- **Task prompt**: Repeat the listing below in full and exactly. Pictures are to be omitted.
(Beginning of Input data)
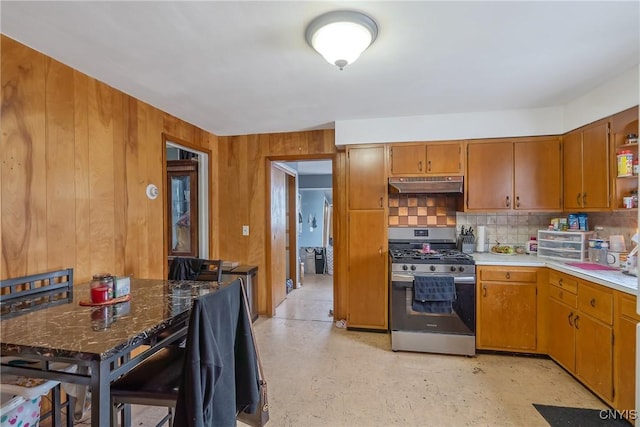 kitchen with stainless steel range with gas cooktop, wooden walls, and decorative backsplash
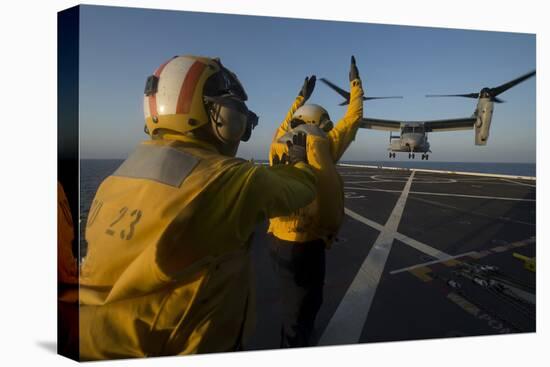 Aviation Boatswain's Mates Direct an MV-22 Osprey on the Flight Deck-null-Premier Image Canvas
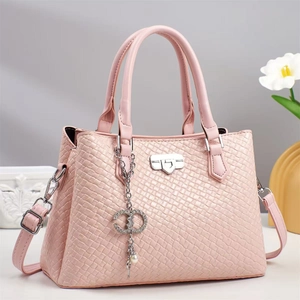 Pink woven texture handbag for women featuring a heart metal buckle and crossbody strap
(End of Input data)
- **Exercise result**:
 kitchen with stainless steel range with gas cooktop, wooden walls, and decorative backsplash
 Aviation Boatswain's Mates Direct an MV-22 Osprey on the Flight Deck-null-Premier Image Canvas
 Pink woven texture handbag for women featuring a heart metal buckle and crossbody strap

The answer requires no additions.